So we have briefly looked at the individual configuration areas in the GUI for multipod, this gives an understanding of what the underlying objects are that we need to configure using the REST API. We will be using XML rather than JSON for this I find XML is easier for me to read, if we were scripting the changes to the files I would possibly use JSON instead as I feel more comfortable working with JSON in Python. I have broken the configuration down into six steps or more accurately six XML files and we will step through each one noting what we need to modify in each. This is the full configuration you need to configure multipod, some CCO documents fall short at presuming you have configured other objects and the examples provided have relationships to these objects with no references in the text. When we talk about elements in the XML, we are actually referring to what the APIC calls managed objects (MO) once configured, to understand more about MO attributes refer to the Cisco APIC Management Information Model Reference. The following diagram shows the links between the MOs used in the multi-pod configuration. Some MO’s are not shown as there is no direct links between, for example the TEP Pool MO [fabricSetupPol].


BGP AS & Route Reflector

     <bgpInstPol name="default">

	  <bgpRRNodePEp id="101" podId="1"/>
	  <bgpRRNodePEp id="103" podId="2"/>
        <bgpAsP asn="65001"/>

Add or remove elements <bgpRRNodePEp> for each RR to be configured and update element <bgpAsP> with the fabric wide AS number.

VLAN Pools & AEP

        <fvnsVlanInstP name="4" descr="MultiPod L3Dom VLAN 4" allocMode="static">

            <fvnsEncapBlk name="4" descr="VLAN 4" allocMode="inherit" from="vlan-4" to="vlan-4" />
        <!-- AEP for MultiPod -->
        <infraAttEntityP name="AEP-MultiPod" descr="">
        	<!-- Relationship to the External Routed Domain for multipod, created in Step 2 (pre-provision)-->
        	<infraRsDomP tDn="uni/l3dom-multipod" />

The parent element ‘fvnsVlanInstP’ contains the VLAN Pool configuration, unless you want to change the name or description, nothing needs to be changed for ‘fvnsVlanInstP’. Be aware that is any of these configurations, changing the name will mean you will have to ensure you also update the same name in relationship objects in the other configuration sets, if you don’t or miss one it will break the relationships and multi-pod just wont work.
The parent element ‘infraAttEntityP’ is the AEP configuration, again the name and the description can be modified but refer to previous warning. The child element ‘infraRsDomP’ is a relationship (denoted by Rs or Rt in the object name) object pointing to the L3 Domain object which we will create next. For the most part the APIC will allow pre-provisioning when the
referenced objects don’t already exist. The APIC GUI will display a status of “missing-target” instead of “formed” when the object referred to is missing, this is fine as we are about to create this object.
In short, we don’t need to make any changes to this XML to fit any deployment.

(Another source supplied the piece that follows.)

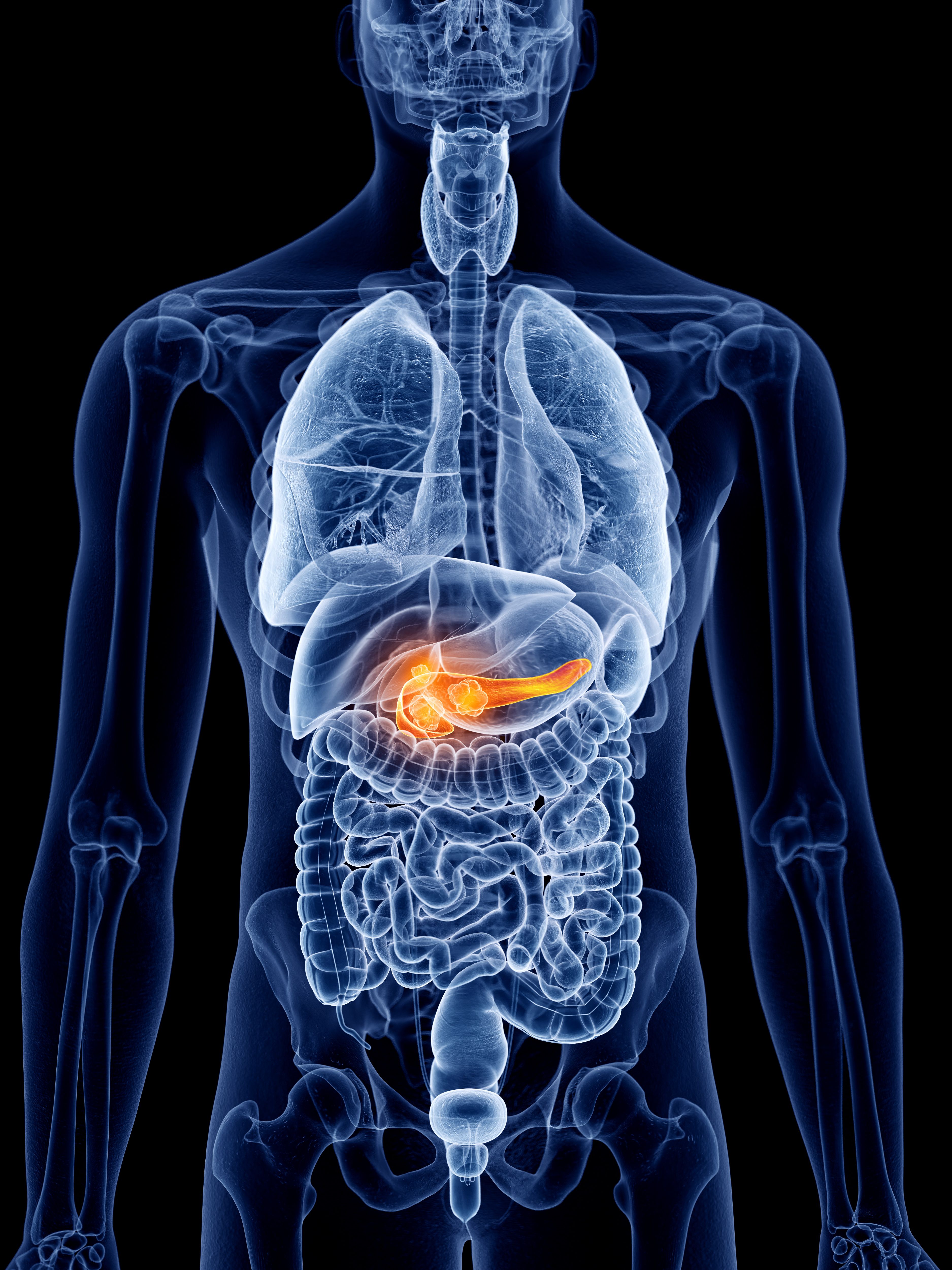Pancreatic Cancer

External L3 Domain for MultiPod

<l3extDomP name="multipod">
		<!-- VLAN Pool (only #4) -->
        <infraRsVlanNs tDn="uni/infra/vlanns-[4]-static"/>

The element ‘l3extDomP’ is the L3 Domain MO. The only required configuration is the relationship to the VLAN Pool we created earlier, if we did not change the VLAN MO name earlier then we have no configuration to do on this object, but if we change the ‘l3extDomP’ name, remember the warnings given previously.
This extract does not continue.